Головин открыл дверцу «эмки» и уже поставил ногу на подножку, как какая-то мысль остановила его. Он обернулся и пальцем поманил майора:
– А в воздухе своих товарищей вы превзойти не пробовали, товарищ майор?
– Обижаете, товарищ генерал. У меня двенадцать сбитых, – протянул Чиркунов. – Меня самого три раза сбивали над Москвой…
– Значит, летать не умеешь, раз сбивали, – отрезал Головин. – Когда собьешь этого, – рука Головина показала на подруливающий к капониру истребитель фон Гетца, – тогда с тобой и разговаривать будем. Уловил?
Генерал громко хлопнул дверцей, «эмка», хрюкнув, тронулась.
Майор остался один.
– Да разве его собьешь?.. – грустно спросил он сам у себя.
XXVI
Оперативная сводка за 25 апреля
Утреннее сообщение 25 апреля
В течение ночи на 25 апреля на фронтах существенных изменений не произошло.
Вечернее сообщение 25 апреля
В течение 25 апреля на фронтах существенных изменений не произошло.
Нашими кораблями в Черном море потоплена подводная лодка противника.
За истекшую неделю, с 18 по 24 апреля включительно, в воздушных боях и на аэродромах противника уничтожен 381 немецкий самолет. Наши потери за это же время – 134 самолета.
24 апреля частями нашей авиации на различных участках фронта уничтожено или повреждено не менее 30 немецких автомашин с войсками и грузами, взорван склад боеприпасов, разбит железнодорожный состав, потоплены два торпедных катера и до 40 шлюпок противника.
Совинформбюро
25 апреля 1943 года. Москва
– Все свободны, товарищи, – Василевский закончил оперативное совещание Генерального штаба. – Филипп Ильич, прошу вас остаться.
– Есть, – буднично откликнулся Головин.
Ему нравился новый начальник Генерального штаба. Очень толковый штабной работник. Шапошников тоже был штабист до мозга костей, но с ним не было таких отношений. Все по службе, все четко, по уставу. Вопрос – доклад. Ни вправо, ни влево. А Василевский, он… человечней, что ли? Хотя тоже строг и педантичен. Умеет и задачу поставить, и спросить по всей строгости военного времени.
Генералы и полковники, зашумев передвигаемыми стульями, потянулись к выходу из просторного кабинета начальника Генерального штаба. Головин был не сильно удивлен тем, что Василевский попросил остаться именно его, а не начальника Главного разведуправления.
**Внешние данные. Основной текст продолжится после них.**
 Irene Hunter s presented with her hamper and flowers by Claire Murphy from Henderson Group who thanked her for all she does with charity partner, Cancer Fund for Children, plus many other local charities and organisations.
Вероятно, Александра Михайловича заботит какой-либо вопрос, о котором он много думал, и теперь ему нужен не доклад или справка по интересующему кругу проблем, а свежий взгляд на предмет. Головин и сам пользовался этим методом. Когда анализ той или иной ситуации затягивался и не давал определенных результатов, он вызывал одного-двоих своих подчиненных, давал вводную и они устраивали что-то вроде войны в миниатюре, поочередно играя то за вермахт, то за Красную Армию, то за Гиммлера, то за Канариса. Очень часто это давало положительные результаты, во всяком случае, позволяло посмотреть на вещи с новой, порой неожиданной стороны.
Василевский встал со своего места и подошел к стене, туда, где, загороженная зеленой гардиной от нескромных взоров непосвященных, висела большая карта Европейской части СССР. Полковники направленны из Оперативного управления несколько раз в сутки наносили на нее последние изменения в конфигурации линии фронта, отмечали прибывавшие и убывавшие дивизии, корпуса и армии по обе линии фронта. Карта эта была живая, так как отражала реальное положение дел на фронте по состоянию на текущий момент.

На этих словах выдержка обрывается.